A financial model can help to alleviate difficulty in decision making and minimise potential risk, by allowing assumptions to be clearly stated and imposing a logical calculation of the likely outcome should those assumptions hold true.

Management can also use this tool for scenario analysis and compare best and worst-case scenarios to ensure all bases are covered when making critical decisions.

Another benefit of a well-constructed financial model is once these assumptions change and crystallise, the financial model can be updated, and decision makers can have the most up-to-date information on the likely outcomes for the business.

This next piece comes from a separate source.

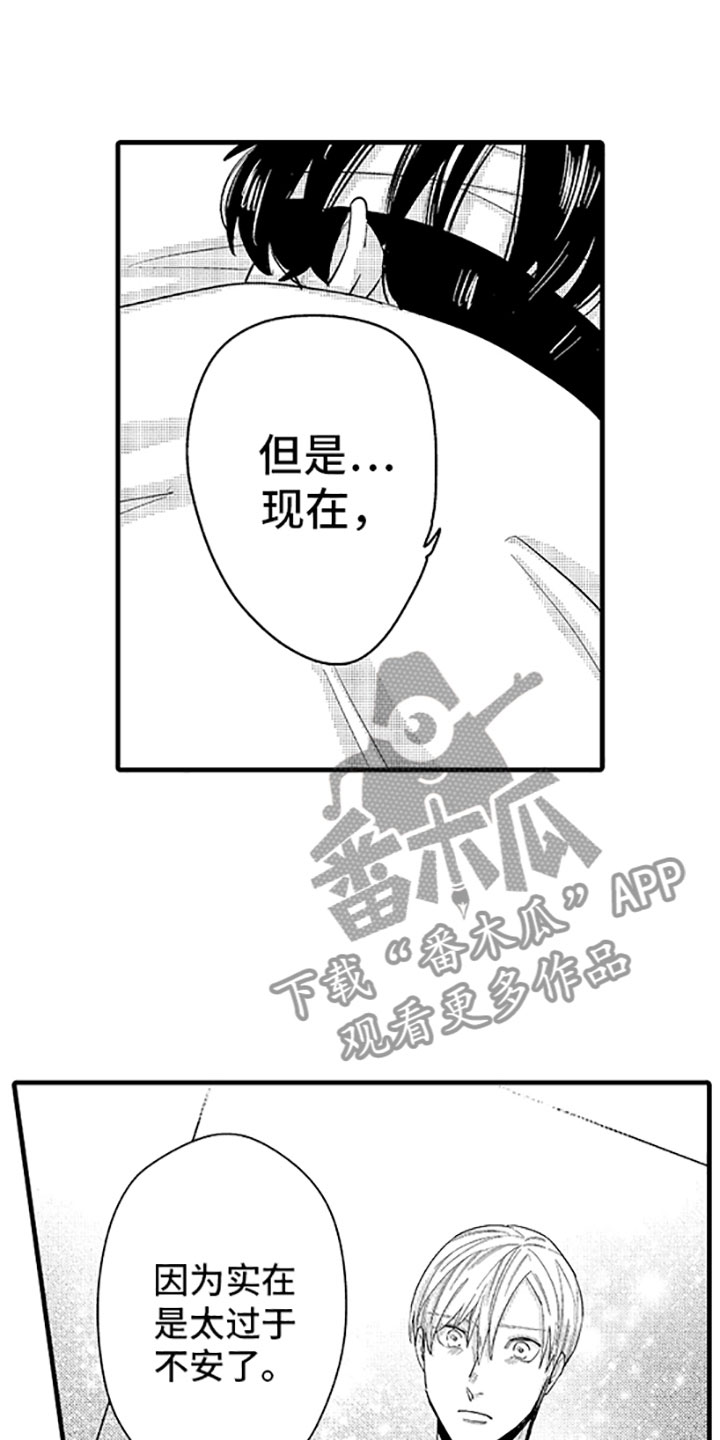 婚姻协奏曲漫画,第12章：唯一的那个4图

There are many examples of how businesses can use financial models for strategy and decision making: forecasting key financial information such as profit and cash, assessing the likely return on a particular project, comparing options for debt or equity raisings and valuing businesses for a potential merger or acquisition.

In all of these cases, the benefit of using a financial model in decision making is outputs are clearly calculated and communicated, and should certain assumptions be challenged or used in a scenario analysis, assumptions can be changed by any user and outputs will update in real time.

A practical example of how financial models can support business strategy and decision making is the recent Energy Fiji Limited transaction completed with Fiji banks totalling FJ 335M. Several banks were invited to submit tenders for financing Energy Fiji, with HLB Debt Advisory acting as the core independent adviser to Energy Fiji in this transaction.

In order to submit their tenders, the banks needed an understanding of what the key ratios of the business would be, such as debt covenants. As the advisers, HLB prepared a financial model which
showcased these key ratios based on forecast financial information. In building this forecast model, there were a few unknown assumptions such as the dividend payment ratio and capital expenditure, as these decisions were yet to be made by management.

It was important the financial model included a scenario analysis summarising how these key ratios would differ if different assumptions were used to calculate the forecast financial information, as this allowed the banks to assess the key ratios under each situation and ultimately allow them to submit their tenders despite uncertainties relating to the forecast position. Without the aid of a financial model and scenario analysis, the banks would not have the necessary information to be able to make an informed decision.

Furthermore, the management team and Board of Energy Fiji Limited used – and continues to use – the financial model to assist them in critical decision making and covering key items such as major capital expenditure planning, dividend payments and future equity-based transactions.